:: Material provided ::
★ ★ ★ ★ ★

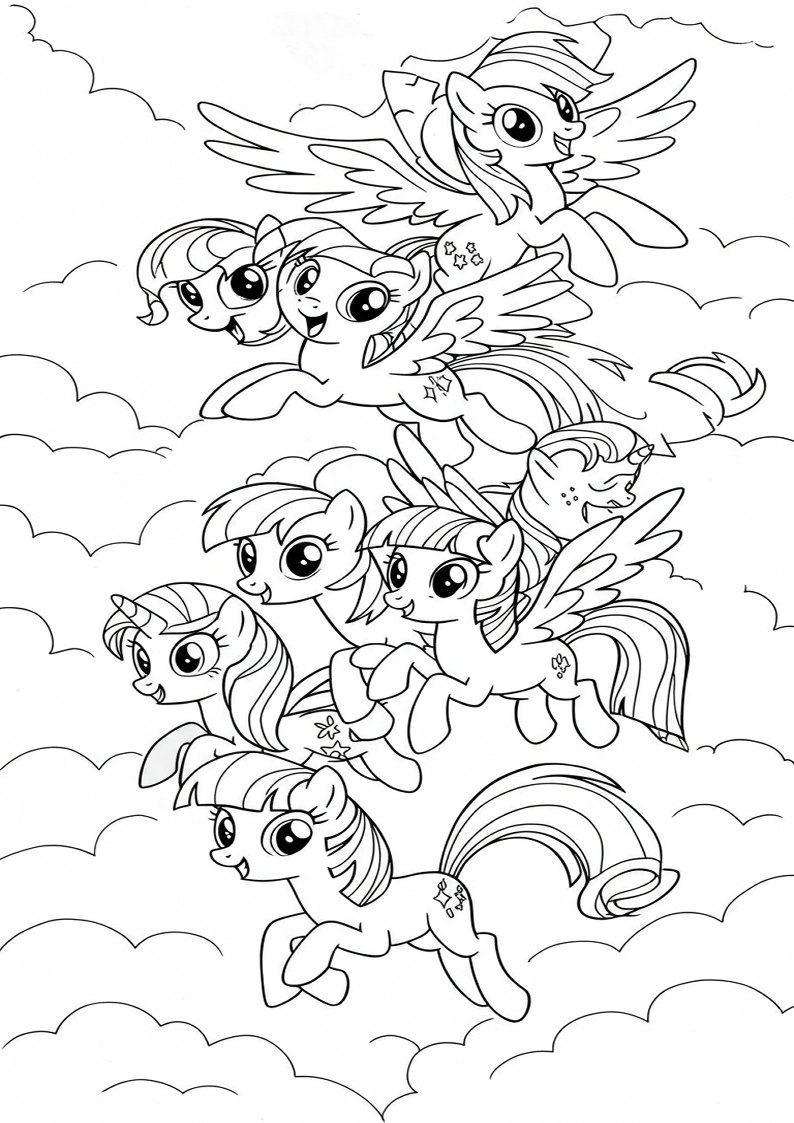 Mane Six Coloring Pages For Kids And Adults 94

★ ★ ★ ★ ★

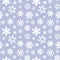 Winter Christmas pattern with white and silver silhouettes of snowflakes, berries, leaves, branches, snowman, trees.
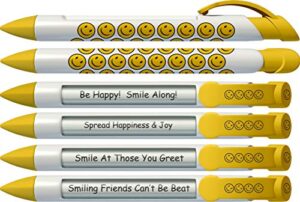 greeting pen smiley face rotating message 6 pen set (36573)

★ ★ ★ ★ ★

:: Problem description ::
Starting at the line with "Winter Christmas pattern" in the entries above, write out every line exactly until the line with "greeting pen smiley" has been written. Include no pictures and nothing more.

:: Task solution ::
 Winter Christmas pattern with white and silver silhouettes of snowflakes, berries, leaves, branches, snowman, trees.
 greeting pen smiley face rotating message 6 pen set (36573)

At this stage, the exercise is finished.